Bones found in Argentina may belong to the world’s largest dinosaur. Experts in Argentina are reconstructing the fossilized bones of what may have been the largest dinosaur that ever lived on Earth. 

The remains of a 98 million-year-old titanosaur were uncovered in Argentina’s northwest Patagonia in 2012. The giant bones, including 24 vertebrae of the tail and elements of the pelvic and pectoral girdle, had been preserved in thick, sedimentary deposits known as the Candeleros Formation.

It was not immediately clear what type of animal had been found. In a new study published in the journal Cretaceous Research, paleontologists report that the remains belonged to a long-necked, plant-eating dinosaur called a titanosaur.

The experts believe the creature is “one of the largest sauropods ever found” and could exceed the size of a Patagotitan, a species which lived about 100 million years ago and measured up to 122 feet in length.

“It is a huge dinosaur, but we expect to find much more of the skeleton in future field trips, so we’ll have the possibility to address with confidence how really big it was,” said study lead author Alejandro Otero of the Museo de La Plata.

Titanosaur fossils have been found on almost every continent, but the largest “multi-ton” individuals, including those that exceeded 40 tons, have been primarily unearthed in Patagonia.

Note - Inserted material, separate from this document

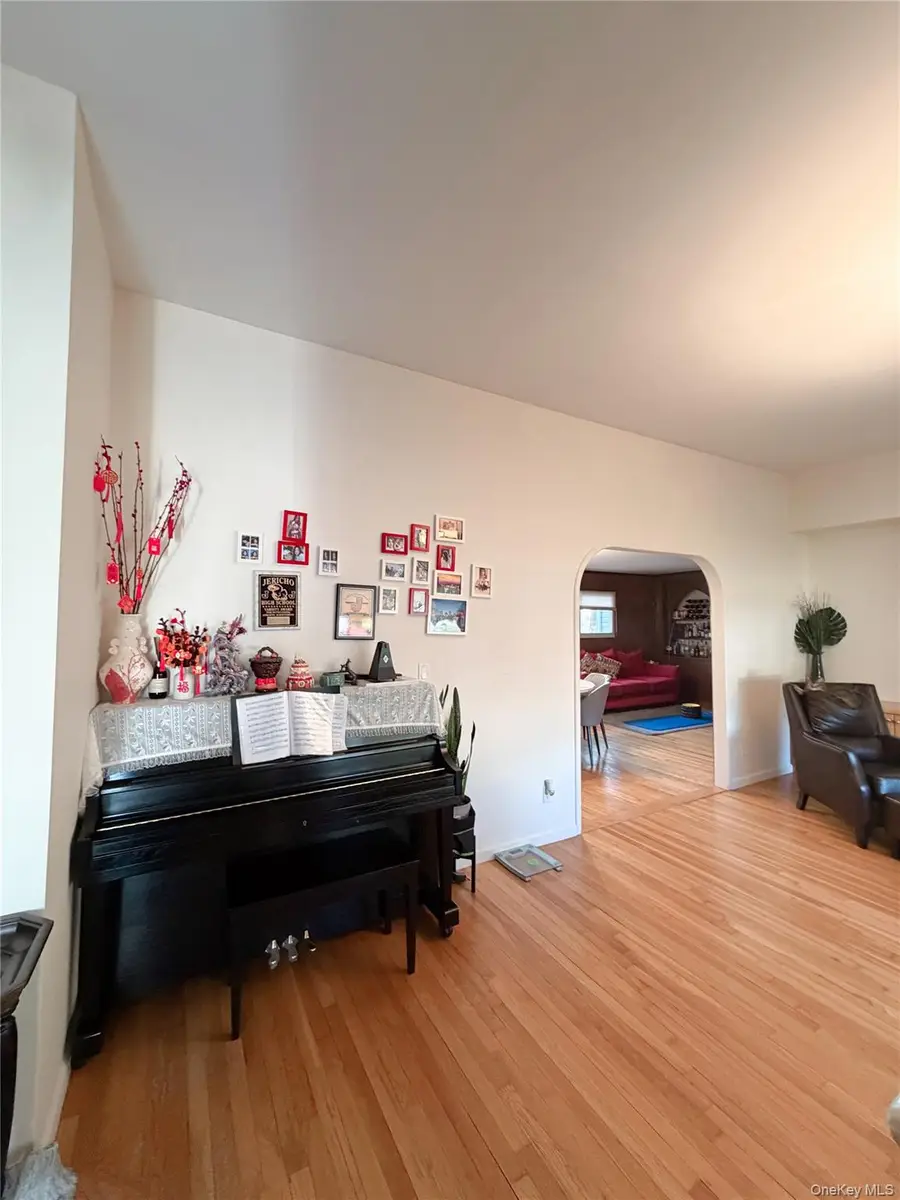54 Ivy Drive, Jericho, NY 11753 - #2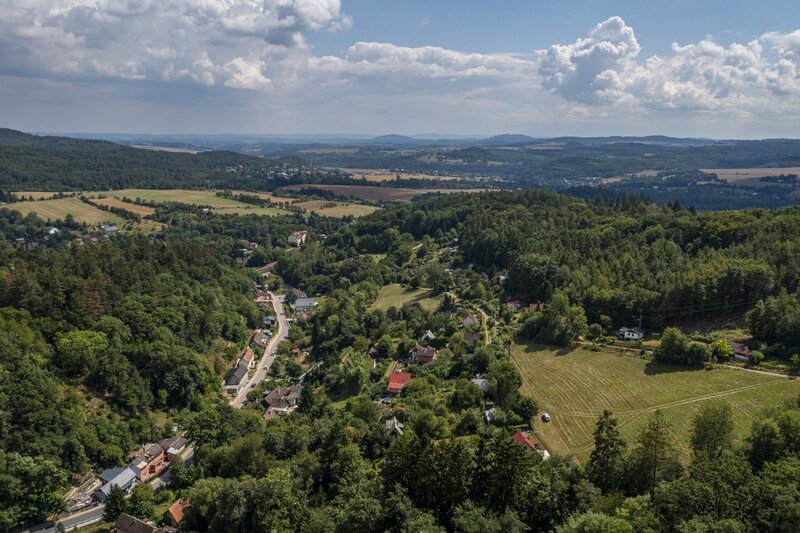 prodej velkého pozemku v Jílovém u Prahy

The experts still need the dinosaur’s humerus or femur bones to accurately estimate how much the creature weighed. At the same time, the researchers believe the enormous dinosaur had a body mass as large or larger than that of a Patagotitan or Argentinosaurus.

“While anatomical analysis does not currently allow us to regard it as a new species, the morphological disparity and the lack of equivalent elements with respect to coeval taxa also prevent us from assigning this new material to already known genera,” wrote the study authors. 

“This set of extremely large taxa from Patagonia has contributed to a better understanding of the phylogenetic relationships of titanosaurs, revealing the existence of a previously unknown lineage and shedding new light on body mass evolution.”

The study is published in the journal Cretaceous Research.